Data for this exercise:
□ □ □ □ □

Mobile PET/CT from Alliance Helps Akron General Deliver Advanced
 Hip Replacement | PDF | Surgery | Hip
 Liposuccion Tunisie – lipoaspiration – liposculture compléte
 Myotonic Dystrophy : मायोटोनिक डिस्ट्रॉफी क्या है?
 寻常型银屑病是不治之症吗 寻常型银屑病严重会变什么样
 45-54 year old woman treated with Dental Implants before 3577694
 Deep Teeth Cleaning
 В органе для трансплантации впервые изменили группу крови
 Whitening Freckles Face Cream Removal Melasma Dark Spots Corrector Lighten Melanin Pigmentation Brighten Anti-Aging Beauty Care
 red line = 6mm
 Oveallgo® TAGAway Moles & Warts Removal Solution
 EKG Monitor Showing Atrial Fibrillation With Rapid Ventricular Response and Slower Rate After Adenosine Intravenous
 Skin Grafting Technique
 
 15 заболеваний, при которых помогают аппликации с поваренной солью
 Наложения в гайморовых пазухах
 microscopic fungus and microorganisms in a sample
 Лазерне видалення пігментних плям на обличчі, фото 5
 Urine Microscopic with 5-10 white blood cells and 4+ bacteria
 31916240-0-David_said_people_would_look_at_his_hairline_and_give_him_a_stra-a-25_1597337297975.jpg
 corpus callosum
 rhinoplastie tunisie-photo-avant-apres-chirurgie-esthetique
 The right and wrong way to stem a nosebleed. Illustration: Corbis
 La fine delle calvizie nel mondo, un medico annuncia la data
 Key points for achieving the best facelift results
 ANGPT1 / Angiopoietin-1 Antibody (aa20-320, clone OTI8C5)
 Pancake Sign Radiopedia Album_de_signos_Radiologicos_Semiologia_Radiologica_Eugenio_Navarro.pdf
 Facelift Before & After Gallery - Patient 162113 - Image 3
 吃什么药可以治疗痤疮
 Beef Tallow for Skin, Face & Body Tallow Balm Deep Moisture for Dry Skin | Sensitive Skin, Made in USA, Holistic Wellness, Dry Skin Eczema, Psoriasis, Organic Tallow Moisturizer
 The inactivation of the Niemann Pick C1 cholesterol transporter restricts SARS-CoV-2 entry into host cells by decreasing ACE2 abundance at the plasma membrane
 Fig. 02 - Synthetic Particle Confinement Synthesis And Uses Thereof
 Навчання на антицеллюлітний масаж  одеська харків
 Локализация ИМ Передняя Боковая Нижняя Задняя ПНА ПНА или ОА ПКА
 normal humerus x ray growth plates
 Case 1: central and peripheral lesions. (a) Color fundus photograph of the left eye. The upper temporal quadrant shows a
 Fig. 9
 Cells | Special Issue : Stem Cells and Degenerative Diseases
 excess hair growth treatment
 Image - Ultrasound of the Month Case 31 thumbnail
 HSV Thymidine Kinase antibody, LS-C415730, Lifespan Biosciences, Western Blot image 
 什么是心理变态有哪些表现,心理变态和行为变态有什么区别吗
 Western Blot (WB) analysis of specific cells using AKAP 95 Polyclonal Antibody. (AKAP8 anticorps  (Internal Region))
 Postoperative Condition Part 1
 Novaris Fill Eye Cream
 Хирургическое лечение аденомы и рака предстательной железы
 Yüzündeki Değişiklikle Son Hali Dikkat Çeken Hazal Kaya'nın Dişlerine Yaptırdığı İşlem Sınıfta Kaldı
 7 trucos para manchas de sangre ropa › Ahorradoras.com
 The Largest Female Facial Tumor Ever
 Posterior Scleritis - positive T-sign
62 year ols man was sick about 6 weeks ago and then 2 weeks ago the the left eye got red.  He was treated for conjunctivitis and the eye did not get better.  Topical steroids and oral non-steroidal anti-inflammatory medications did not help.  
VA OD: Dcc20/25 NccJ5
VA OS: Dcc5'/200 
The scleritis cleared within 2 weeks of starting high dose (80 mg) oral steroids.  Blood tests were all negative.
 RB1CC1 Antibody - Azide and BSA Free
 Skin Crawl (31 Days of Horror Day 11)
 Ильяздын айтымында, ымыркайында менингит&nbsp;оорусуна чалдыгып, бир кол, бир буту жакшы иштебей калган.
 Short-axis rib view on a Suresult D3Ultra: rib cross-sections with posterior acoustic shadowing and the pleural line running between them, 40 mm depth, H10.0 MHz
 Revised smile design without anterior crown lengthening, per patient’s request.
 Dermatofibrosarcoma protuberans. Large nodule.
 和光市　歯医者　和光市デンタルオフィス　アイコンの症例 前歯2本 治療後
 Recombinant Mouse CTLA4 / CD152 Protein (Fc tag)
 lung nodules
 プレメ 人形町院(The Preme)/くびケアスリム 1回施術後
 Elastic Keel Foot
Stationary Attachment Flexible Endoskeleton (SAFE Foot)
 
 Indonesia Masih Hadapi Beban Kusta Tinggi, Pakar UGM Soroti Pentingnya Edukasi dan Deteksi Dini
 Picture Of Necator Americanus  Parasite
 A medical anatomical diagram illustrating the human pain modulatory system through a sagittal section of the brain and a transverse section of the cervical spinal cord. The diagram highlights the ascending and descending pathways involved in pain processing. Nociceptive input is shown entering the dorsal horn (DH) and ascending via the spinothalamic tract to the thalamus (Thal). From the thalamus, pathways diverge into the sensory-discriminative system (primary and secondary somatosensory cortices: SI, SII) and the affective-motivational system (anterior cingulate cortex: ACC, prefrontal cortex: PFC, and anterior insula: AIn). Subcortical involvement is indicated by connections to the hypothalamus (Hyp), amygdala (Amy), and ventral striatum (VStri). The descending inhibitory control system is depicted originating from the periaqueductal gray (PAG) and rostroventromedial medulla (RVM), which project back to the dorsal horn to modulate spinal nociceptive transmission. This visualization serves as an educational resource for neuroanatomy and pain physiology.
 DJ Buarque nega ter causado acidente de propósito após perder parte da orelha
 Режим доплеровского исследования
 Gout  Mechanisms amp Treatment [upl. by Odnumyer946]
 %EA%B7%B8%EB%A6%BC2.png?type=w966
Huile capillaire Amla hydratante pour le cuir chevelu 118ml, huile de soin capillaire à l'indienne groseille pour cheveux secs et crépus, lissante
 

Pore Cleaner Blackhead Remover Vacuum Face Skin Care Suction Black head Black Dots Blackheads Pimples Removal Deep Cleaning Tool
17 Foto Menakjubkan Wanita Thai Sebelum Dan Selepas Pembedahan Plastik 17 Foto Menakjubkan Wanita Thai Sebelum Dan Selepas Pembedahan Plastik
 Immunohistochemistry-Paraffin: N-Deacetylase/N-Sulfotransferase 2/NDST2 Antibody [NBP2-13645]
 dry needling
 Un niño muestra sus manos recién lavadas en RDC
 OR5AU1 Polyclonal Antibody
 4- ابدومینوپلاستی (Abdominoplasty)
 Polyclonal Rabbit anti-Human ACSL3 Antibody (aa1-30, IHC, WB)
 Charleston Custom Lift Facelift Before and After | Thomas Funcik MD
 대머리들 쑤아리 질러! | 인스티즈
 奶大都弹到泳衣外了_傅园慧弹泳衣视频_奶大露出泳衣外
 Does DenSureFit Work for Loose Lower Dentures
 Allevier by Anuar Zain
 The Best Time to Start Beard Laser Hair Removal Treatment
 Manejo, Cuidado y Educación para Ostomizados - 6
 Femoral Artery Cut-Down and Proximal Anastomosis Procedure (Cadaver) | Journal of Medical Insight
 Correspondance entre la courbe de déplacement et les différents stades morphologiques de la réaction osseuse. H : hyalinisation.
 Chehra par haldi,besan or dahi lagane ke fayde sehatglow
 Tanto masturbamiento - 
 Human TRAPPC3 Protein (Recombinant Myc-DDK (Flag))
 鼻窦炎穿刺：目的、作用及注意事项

□ □ □ □ □

Write the material above out in full, exactly as it reads.

Mobile PET/CT from Alliance Helps Akron General Deliver Advanced
 Hip Replacement | PDF | Surgery | Hip
 Liposuccion Tunisie – lipoaspiration – liposculture compléte
 Myotonic Dystrophy : मायोटोनिक डिस्ट्रॉफी क्या है?
 寻常型银屑病是不治之症吗 寻常型银屑病严重会变什么样
 45-54 year old woman treated with Dental Implants before 3577694
 Deep Teeth Cleaning
 В органе для трансплантации впервые изменили группу крови
 Whitening Freckles Face Cream Removal Melasma Dark Spots Corrector Lighten Melanin Pigmentation Brighten Anti-Aging Beauty Care
 red line = 6mm
 Oveallgo® TAGAway Moles & Warts Removal Solution
 EKG Monitor Showing Atrial Fibrillation With Rapid Ventricular Response and Slower Rate After Adenosine Intravenous
 Skin Grafting Technique
 
 15 заболеваний, при которых помогают аппликации с поваренной солью
 Наложения в гайморовых пазухах
 microscopic fungus and microorganisms in a sample
 Лазерне видалення пігментних плям на обличчі, фото 5
 Urine Microscopic with 5-10 white blood cells and 4+ bacteria
 31916240-0-David_said_people_would_look_at_his_hairline_and_give_him_a_stra-a-25_1597337297975.jpg
 corpus callosum
 rhinoplastie tunisie-photo-avant-apres-chirurgie-esthetique
 The right and wrong way to stem a nosebleed. Illustration: Corbis
 La fine delle calvizie nel mondo, un medico annuncia la data
 Key points for achieving the best facelift results
 ANGPT1 / Angiopoietin-1 Antibody (aa20-320, clone OTI8C5)
 Pancake Sign Radiopedia Album_de_signos_Radiologicos_Semiologia_Radiologica_Eugenio_Navarro.pdf
 Facelift Before & After Gallery - Patient 162113 - Image 3
 吃什么药可以治疗痤疮
 Beef Tallow for Skin, Face & Body Tallow Balm Deep Moisture for Dry Skin | Sensitive Skin, Made in USA, Holistic Wellness, Dry Skin Eczema, Psoriasis, Organic Tallow Moisturizer
 The inactivation of the Niemann Pick C1 cholesterol transporter restricts SARS-CoV-2 entry into host cells by decreasing ACE2 abundance at the plasma membrane
 Fig. 02 - Synthetic Particle Confinement Synthesis And Uses Thereof
 Навчання на антицеллюлітний масаж  одеська харків
 Локализация ИМ Передняя Боковая Нижняя Задняя ПНА ПНА или ОА ПКА
 normal humerus x ray growth plates
 Case 1: central and peripheral lesions. (a) Color fundus photograph of the left eye. The upper temporal quadrant shows a
 Fig. 9
 Cells | Special Issue : Stem Cells and Degenerative Diseases
 excess hair growth treatment
 Image - Ultrasound of the Month Case 31 thumbnail
 HSV Thymidine Kinase antibody, LS-C415730, Lifespan Biosciences, Western Blot image 
 什么是心理变态有哪些表现,心理变态和行为变态有什么区别吗
 Western Blot (WB) analysis of specific cells using AKAP 95 Polyclonal Antibody. (AKAP8 anticorps  (Internal Region))
 Postoperative Condition Part 1
 Novaris Fill Eye Cream
 Хирургическое лечение аденомы и рака предстательной железы
 Yüzündeki Değişiklikle Son Hali Dikkat Çeken Hazal Kaya'nın Dişlerine Yaptırdığı İşlem Sınıfta Kaldı
 7 trucos para manchas de sangre ropa › Ahorradoras.com
 The Largest Female Facial Tumor Ever
 Posterior Scleritis - positive T-sign
62 year ols man was sick about 6 weeks ago and then 2 weeks ago the the left eye got red.  He was treated for conjunctivitis and the eye did not get better.  Topical steroids and oral non-steroidal anti-inflammatory medications did not help.  
VA OD: Dcc20/25 NccJ5
VA OS: Dcc5'/200 
The scleritis cleared within 2 weeks of starting high dose (80 mg) oral steroids.  Blood tests were all negative.
 RB1CC1 Antibody - Azide and BSA Free
 Skin Crawl (31 Days of Horror Day 11)
 Ильяздын айтымында, ымыркайында менингит&nbsp;оорусуна чалдыгып, бир кол, бир буту жакшы иштебей калган.
 Short-axis rib view on a Suresult D3Ultra: rib cross-sections with posterior acoustic shadowing and the pleural line running between them, 40 mm depth, H10.0 MHz
 Revised smile design without anterior crown lengthening, per patient’s request.
 Dermatofibrosarcoma protuberans. Large nodule.
 和光市　歯医者　和光市デンタルオフィス　アイコンの症例 前歯2本 治療後
 Recombinant Mouse CTLA4 / CD152 Protein (Fc tag)
 lung nodules
 プレメ 人形町院(The Preme)/くびケアスリム 1回施術後
 Elastic Keel Foot
Stationary Attachment Flexible Endoskeleton (SAFE Foot)
 
 Indonesia Masih Hadapi Beban Kusta Tinggi, Pakar UGM Soroti Pentingnya Edukasi dan Deteksi Dini
 Picture Of Necator Americanus  Parasite
 A medical anatomical diagram illustrating the human pain modulatory system through a sagittal section of the brain and a transverse section of the cervical spinal cord. The diagram highlights the ascending and descending pathways involved in pain processing. Nociceptive input is shown entering the dorsal horn (DH) and ascending via the spinothalamic tract to the thalamus (Thal). From the thalamus, pathways diverge into the sensory-discriminative system (primary and secondary somatosensory cortices: SI, SII) and the affective-motivational system (anterior cingulate cortex: ACC, prefrontal cortex: PFC, and anterior insula: AIn). Subcortical involvement is indicated by connections to the hypothalamus (Hyp), amygdala (Amy), and ventral striatum (VStri). The descending inhibitory control system is depicted originating from the periaqueductal gray (PAG) and rostroventromedial medulla (RVM), which project back to the dorsal horn to modulate spinal nociceptive transmission. This visualization serves as an educational resource for neuroanatomy and pain physiology.
 DJ Buarque nega ter causado acidente de propósito após perder parte da orelha
 Режим доплеровского исследования
 Gout  Mechanisms amp Treatment [upl. by Odnumyer946]
 %EA%B7%B8%EB%A6%BC2.png?type=w966
Huile capillaire Amla hydratante pour le cuir chevelu 118ml, huile de soin capillaire à l'indienne groseille pour cheveux secs et crépus, lissante
 

Pore Cleaner Blackhead Remover Vacuum Face Skin Care Suction Black head Black Dots Blackheads Pimples Removal Deep Cleaning Tool
17 Foto Menakjubkan Wanita Thai Sebelum Dan Selepas Pembedahan Plastik 17 Foto Menakjubkan Wanita Thai Sebelum Dan Selepas Pembedahan Plastik
 Immunohistochemistry-Paraffin: N-Deacetylase/N-Sulfotransferase 2/NDST2 Antibody [NBP2-13645]
 dry needling
 Un niño muestra sus manos recién lavadas en RDC
 OR5AU1 Polyclonal Antibody
 4- ابدومینوپلاستی (Abdominoplasty)
 Polyclonal Rabbit anti-Human ACSL3 Antibody (aa1-30, IHC, WB)
 Charleston Custom Lift Facelift Before and After | Thomas Funcik MD
 대머리들 쑤아리 질러! | 인스티즈
 奶大都弹到泳衣外了_傅园慧弹泳衣视频_奶大露出泳衣外
 Does DenSureFit Work for Loose Lower Dentures
 Allevier by Anuar Zain
 The Best Time to Start Beard Laser Hair Removal Treatment
 Manejo, Cuidado y Educación para Ostomizados - 6
 Femoral Artery Cut-Down and Proximal Anastomosis Procedure (Cadaver) | Journal of Medical Insight
 Correspondance entre la courbe de déplacement et les différents stades morphologiques de la réaction osseuse. H : hyalinisation.
 Chehra par haldi,besan or dahi lagane ke fayde sehatglow
 Tanto masturbamiento - 
 Human TRAPPC3 Protein (Recombinant Myc-DDK (Flag))
 鼻窦炎穿刺：目的、作用及注意事项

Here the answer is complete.